In any case, the big differentiator in terms of the Top 3 versus the Rest is the massive amount of hardware. GPT-4 level was something that could be trained on a wide variety of different rentable resources. The scaling trend suggests that the next level up, GPT-5, will require more resources than the Rest are expected to be able to muster this year. Since hardware is advancing, some members of the Rest may acquire GPT-5 level resources late next year (2025) or early 2026. This means they’ll be quite a few months behind. As for the implied resources needed for GPT-6 level if scaling trends and costs continue on trend, it seems unlikely that most of the Rest will be able to afford to scale that large (even acting late, and with rented resources) with the exception of Meta and possibly xAI.

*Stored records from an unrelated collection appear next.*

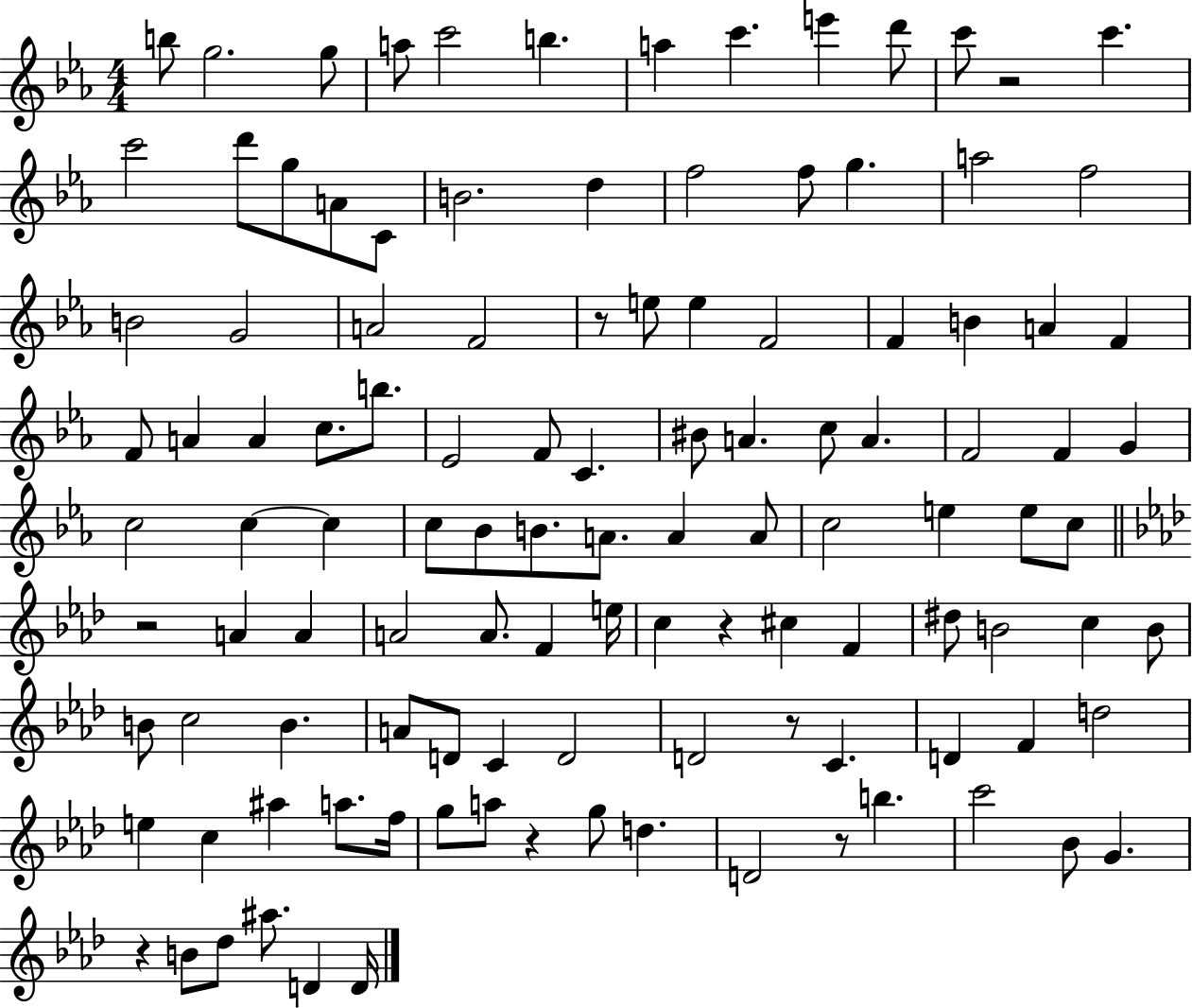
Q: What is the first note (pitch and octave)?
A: B5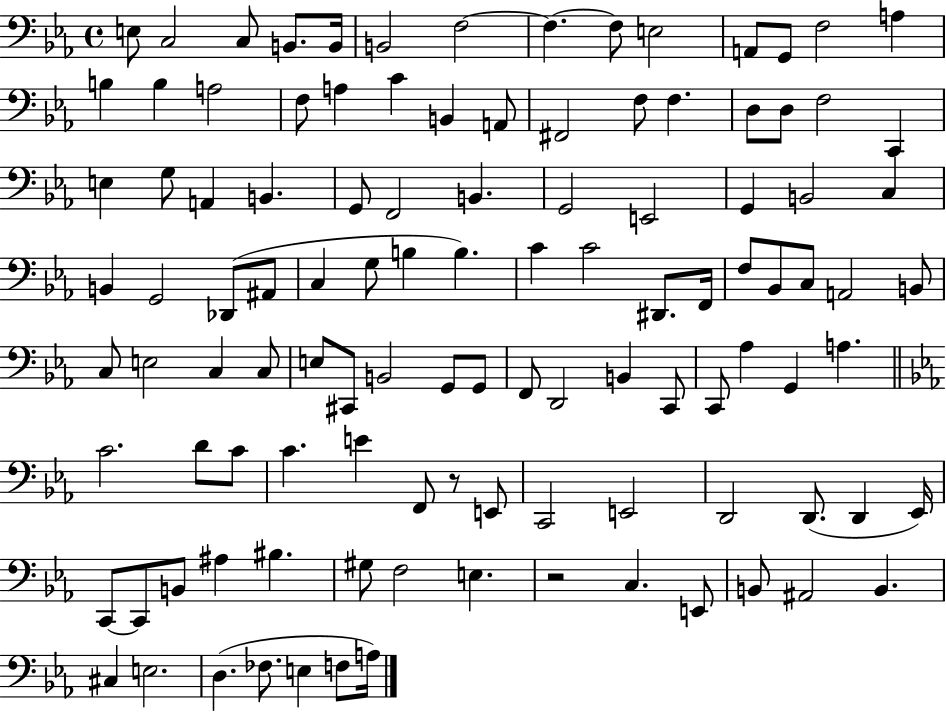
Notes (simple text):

E3/e C3/h C3/e B2/e. B2/s B2/h F3/h F3/q. F3/e E3/h A2/e G2/e F3/h A3/q B3/q B3/q A3/h F3/e A3/q C4/q B2/q A2/e F#2/h F3/e F3/q. D3/e D3/e F3/h C2/q E3/q G3/e A2/q B2/q. G2/e F2/h B2/q. G2/h E2/h G2/q B2/h C3/q B2/q G2/h Db2/e A#2/e C3/q G3/e B3/q B3/q. C4/q C4/h D#2/e. F2/s F3/e Bb2/e C3/e A2/h B2/e C3/e E3/h C3/q C3/e E3/e C#2/e B2/h G2/e G2/e F2/e D2/h B2/q C2/e C2/e Ab3/q G2/q A3/q. C4/h. D4/e C4/e C4/q. E4/q F2/e R/e E2/e C2/h E2/h D2/h D2/e. D2/q Eb2/s C2/e C2/e B2/e A#3/q BIS3/q. G#3/e F3/h E3/q. R/h C3/q. E2/e B2/e A#2/h B2/q. C#3/q E3/h. D3/q. FES3/e. E3/q F3/e A3/s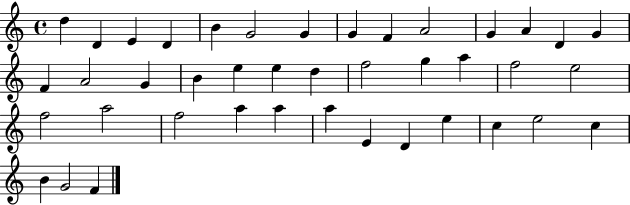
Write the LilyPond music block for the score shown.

{
  \clef treble
  \time 4/4
  \defaultTimeSignature
  \key c \major
  d''4 d'4 e'4 d'4 | b'4 g'2 g'4 | g'4 f'4 a'2 | g'4 a'4 d'4 g'4 | \break f'4 a'2 g'4 | b'4 e''4 e''4 d''4 | f''2 g''4 a''4 | f''2 e''2 | \break f''2 a''2 | f''2 a''4 a''4 | a''4 e'4 d'4 e''4 | c''4 e''2 c''4 | \break b'4 g'2 f'4 | \bar "|."
}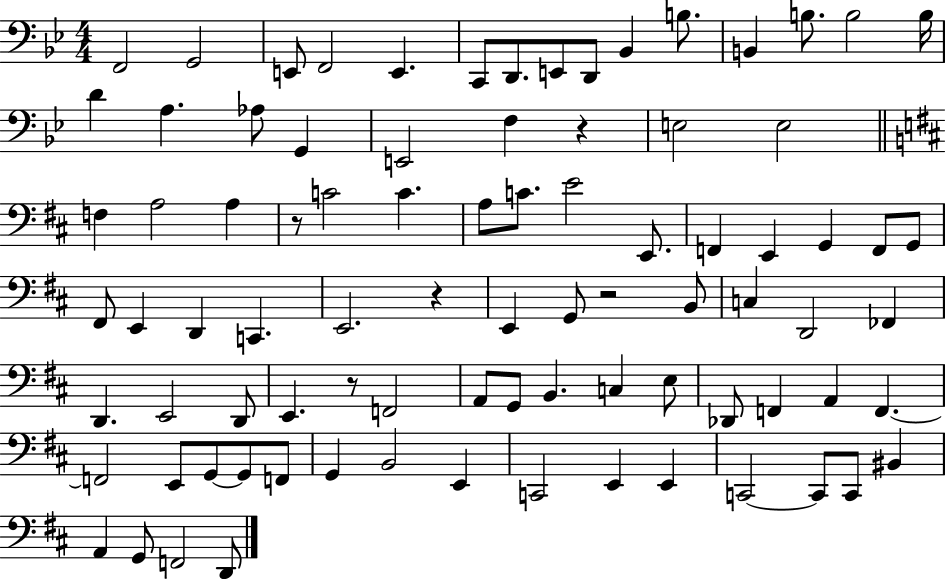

Current opinion, which I agree with, puts Claude 3.5 Sonnet at about 4.25 − 4.3 level compared to GPT-4. All of the others (including GPT-4o) fall somewhere in-between level 4 and level 4.3
Nobody has a level 5 yet because even the leaders haven’t had the time to create and deploy it yet!
As for “secret sauce” ideas, we haven’t yet gotten public knowledge about any secret knowledge being a hard blocker. It does seem like there is a fair amount of small technical secrets which improve compute efficiency or capabilities in minor ways, but that these can all be compensated for by spending more on compute or coming up with alternate approaches. There is a huge amount of ML research being published every month now because the field has gotten so lucrative and trendy. The newest public research isn’t yet present in the deployed models because the models were trained and deployed before the new research was published!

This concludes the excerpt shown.